--- TASK ITEM ---
Where an entry contains a picture, skip the picture and write out everything else exactly.

--- INFORMATION ---
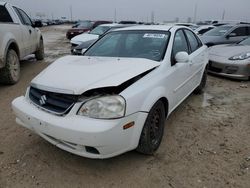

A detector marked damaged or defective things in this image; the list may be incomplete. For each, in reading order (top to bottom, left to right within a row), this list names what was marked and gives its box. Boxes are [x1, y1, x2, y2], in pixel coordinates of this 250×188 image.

cracked headlight [77, 95, 126, 119]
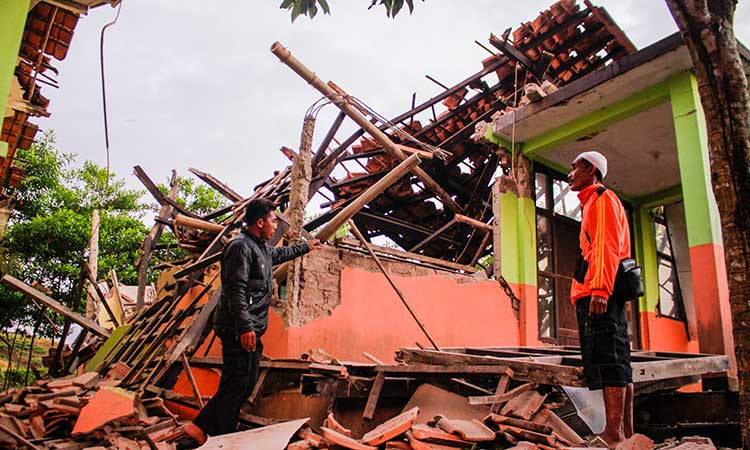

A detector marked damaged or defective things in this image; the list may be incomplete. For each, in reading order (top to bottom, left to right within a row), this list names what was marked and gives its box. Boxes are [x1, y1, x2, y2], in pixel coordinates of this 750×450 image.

broken concrete block [73, 386, 140, 436]
broken concrete block [362, 406, 420, 444]
broken concrete block [434, 414, 500, 442]
broken concrete block [616, 434, 656, 450]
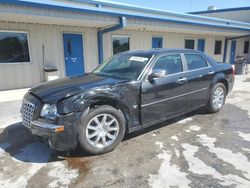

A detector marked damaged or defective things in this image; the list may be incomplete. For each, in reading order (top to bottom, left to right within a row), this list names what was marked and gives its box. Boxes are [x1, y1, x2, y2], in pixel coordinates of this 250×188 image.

crumpled hood [29, 73, 125, 103]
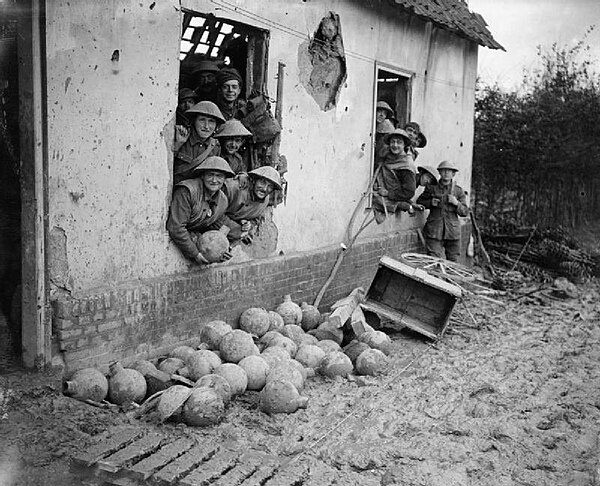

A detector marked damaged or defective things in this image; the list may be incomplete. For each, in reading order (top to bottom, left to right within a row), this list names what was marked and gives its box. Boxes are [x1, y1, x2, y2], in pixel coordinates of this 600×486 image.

damaged building [1, 0, 502, 370]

--- OUTPUT OF THE EXERCISE ---
A detector marked damaged or defective things in this image; the list may be incomplete. For each, in reading order (top to bottom, left to right within a row), this list names what was marked and gives its box. Boxes are [x1, y1, x2, y2], in pixel coordinates of this 250×188 image.

cracked headlight [77, 95, 126, 119]

A detector marked damaged or defective things in this image; the list may be incomplete. For each, in reading order (top to bottom, left to right within a row), this list names what was marked and gives its box. Boxes are [x1, y1, x2, y2], in pixel coordinates of this 750×450 image.

broken concrete block [73, 386, 140, 436]
broken concrete block [362, 406, 420, 444]
broken concrete block [434, 414, 500, 442]
broken concrete block [616, 434, 656, 450]

A detector marked damaged or defective things in this image; the list may be incomplete. For each, in reading order (top to bottom, left to right within a row), this list names what was marked and gives its box. Boxes are [x1, y1, x2, y2], in pixel coordinates of this 250×188 image.

crumpled hood [29, 73, 125, 103]

A detector marked damaged or defective things in this image; the list may be incomplete. For each, in reading order (top to bottom, left to right within a row), this list names what was marked and gives its box. Boxes are [x1, y1, x2, y2], in pixel coordinates of this 600×486 image.

damaged building [1, 0, 502, 370]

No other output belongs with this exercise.